Stuck Between a Rock and ... MSHA

Equipment manufacturers play a critical role in a mine operator’s compliance with the Mine Safety Health Administration (MSHA) regulations. Mine operators expect that OEMs provide them with equipment that meets MSHA standards—standards which can be ambiguous and subject to the interpretation of the MSHA inspector. Equipment manufacturers face fines of up to $10,000 and five years’ imprisonment under section 110(h) of the Mine Act if convicted of falsely representing that their equipment complies with MSHA regulations.

Although the purpose behind MSHA’s enforcement power is respectable—preventing death, disease, and injury from mining and promoting safe workplaces for miners—mine operators are finding 100% compliance to be problematic, if not impossible.

There is little guidance as to what conditions violate MSHA regulations, and in many cases the agency will not recognize compliance with industry standards, such as the International Organization for Standardization (ISO) or the Society of Automotive Engineers.

Consequently, equipment manufacturers are unable to assure customers that new equipment will not require an immediate retrofit to satisfy MSHA’s interpretation of subjective standards, leaving them stuck between a rock and a hard place.

Why is compliance difficult?

MSHA regulations are vague at best; for example:

“[S]afe means of access shall be provided and maintained to all working places.”

“[M]oving machine parts shall be guarded to protect persons from contacting moving parts that can cause injury.”

These subjective standards lead to differing interpretations of what is deemed to be “safe,” what constitutes a “working place,” and what scenarios an inspector may imagine in which a person would contact “moving parts.”

These are just the first of a long line of questions that need answers, to which MSHA invariably responds, “performance standards are determined by the present circumstances in each case.”

What this means for customers

The lack of clearly defined rules is especially frustrating for operators that have invested millions of dollars and countless hours purchasing and setting up new equipment only to find that MSHA considers the equipment unsafe.

Additionally, the modifications that the inspectors require to abate the citations often risk sacrificing equipment warranties.

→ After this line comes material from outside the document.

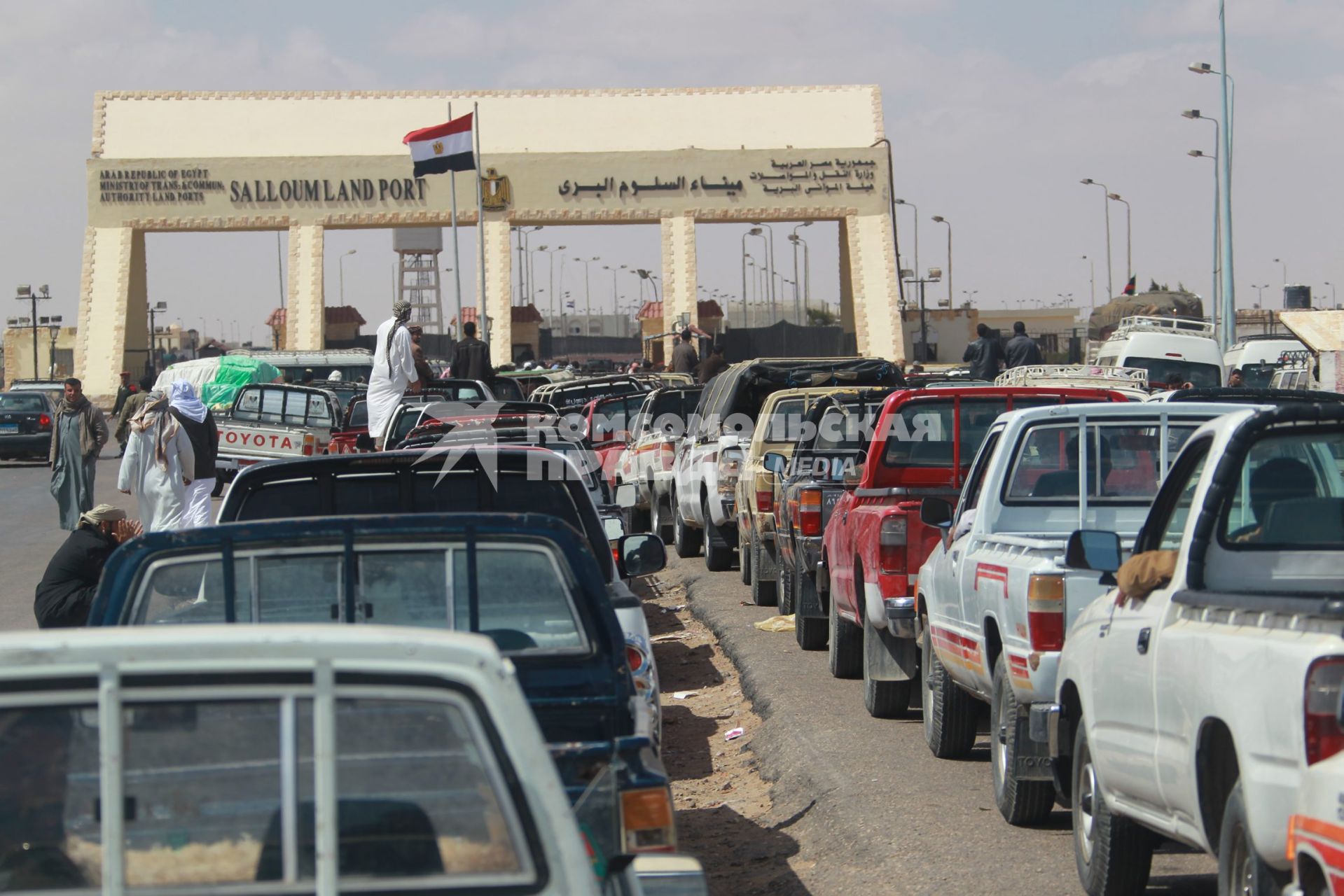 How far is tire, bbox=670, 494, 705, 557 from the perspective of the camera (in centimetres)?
1803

Worse yet, the retrofitting of equipment may even present fresh safety issues as a result of modifying the original equipment design, which has undergone hundreds, if not thousands, of hours of safety testing under original design conditions.

Nevertheless, operators have little option but to comply. When MSHA issues a citation for a violation of a standard, the operator becomes subject to fines ranging from $112 up to $70,000 for a single citation; $220,000 for “flagrant” violations; and up to $500,000 for repeat criminal violations.

Although the threat of large fines is real, it is the cost of abating the condition that has caused some operators to question whether they should continue to remain in the business. This is especially true for companies who operate with nearly identical configurations on multiple sites; the operator risks even greater penalties for continuing to operate while knowing the condition is not in compliance with MSHA standards.

In a recent enforcement blitz, operators with new truck scales have been cited because inspectors deemed the manufacturer-provided 9-inch rub rails insufficient and have been requiring that the scales be retrofitted so the rails extend to mid-axle height of the largest truck traversing the scale. Although the initial citation was only $112, the cost of retrofitting the equipment to comply with this new interpretation could reach $40,000 for a single scale.

What equipment manufacturers can do

Use contract language. Disclaim any representations that the equipment complies with MSHA regulations. Even if an OEM is certain that the equipment is safe, the risk that MSHA will find a condition that does not comply with the regulations is high.